Par Renaud Duval
Comment raconter l’attente de l’être cher injustement emprisonné ? C’est le défi que se sont donné Luc Côté et Patricio Henrique dans leur documentaire « En attendant Raïf », diffusé tout récemment à Radio-Canada. Pendant près de dix ans, ils ont suivi la désormais célèbre Sherbrookoise d’origine saoudienne Ensaf Haidar dans sa lutte pour la libération de son mari, Raïf Badawi.
Dans un style sobre et intime, on suit Ensaf et ses trois enfants à partir du moment de leur arrivée à Sherbrooke en 2013 jusqu’à l’annonce de la libération de Raïf, en février 2022. Comme le dit le titre, l’attente est un thème important du documentaire, alors que la famille Badawi doit s’armer de patience et rester forte malgré les blocages, le sentiment d’impuissance et les espoirs parfois déçus.
Néanmoins, l’attente ne signifie pas la passivité : on voit Ensaf se tenir debout pour sa cause aux quatre coins du monde, alors qu’elle multiplie les entrevues, les voyages, les réceptions de prix avec de grandes personnalités politiques. Mais au-delà de cette solidarité sur la grande scène internationale, le réseau de solidarité qu’elle développe à Sherbrooke a quelque chose de touchant ; on sent la chaleur humaine authentique, les amies qu’elle se fait, un sentiment de communauté et d’appartenance en somme.
L’humanité avant tout
Au travers de cette lutte sur plusieurs tableaux, du cœur de la maison au Parlement européen en passant par les réseaux sociaux, elle nous confie qu’elle se découvre elle-même une force insoupçonnée. Progressivement, elle prend confiance en elle, s’affirme elle-même au-delà de l’identité de son mari ou celle dans laquelle elle a grandi, jusqu’à se présenter aux élections pour le Bloc Québécois dans Sherbrooke en 2021, faisant campagne entourée d’étudiants sous le slogan « Québécoise ».
Même s’ils ne sont pas les sujets principaux du documentaire, il est fascinant de voir les enfants Badawi grandir, développer leurs idées et leurs perceptions de la situation, le tout dans un français qui progresse rapidement en adoptant un solide accent québécois.

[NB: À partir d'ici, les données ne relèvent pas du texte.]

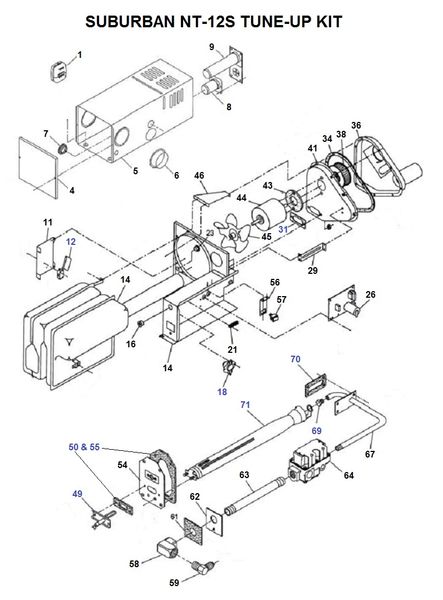 Suburban Furnace Model SF-30F Tune-Up Kit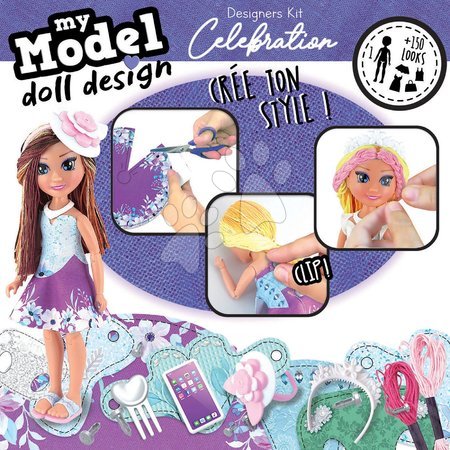 Lucru manual și creație - Lucru creativ My Model Doll Design Celebration Educa - 2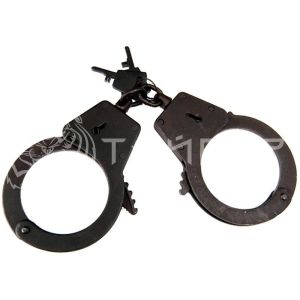 Наручники КРАБ ворон. (с фиксат. два ключа) 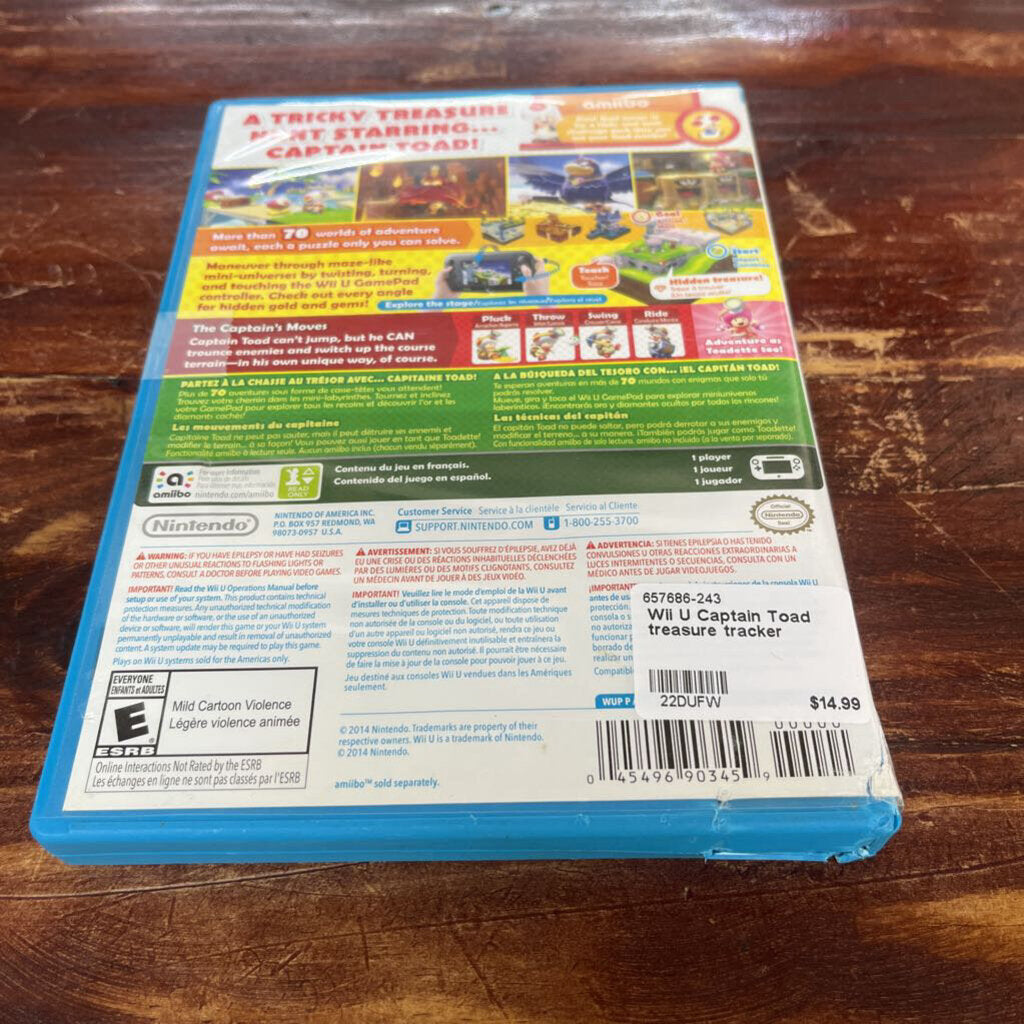 WII U CAPTAIN TOAD TREASURE TRACKER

La principale force de ce documentaire est probablement son approche humaine et directe face à un enjeu aussi complexe, qui aurait pu être abordé de façon analytique et détachée. Tout au long du documentaire, on développe une sympathie pour la famille Badawi en s’immergeant dans leur quotidien. Alors qu’au départ, on se sent frappé d’un certain aspect tragique et résigné, il est formidable de voir la flamme de l’espérance se maintenir malgré les obstacles. Après une heure et quart d’attente pour nous (et dix ans pour eux), on ne peut pas s’empêcher de ressentir une grande joie et un grand soulagement lorsque la sortie de prison de Raïf est confirmée.
La lutte continue encore, puisque Raïf ne peut pas quitter l’Arabie Saoudite avant 2032. Cependant, on se sent plus serein, sachant comment, même à des milliers de kilomètres, à Sherbrooke, il y a une grande famille qui se tient debout pour lui et l’attend toujours.
Le documentaire est disponible dès maintenant à tous sur Tou.TV, en diffusion libre.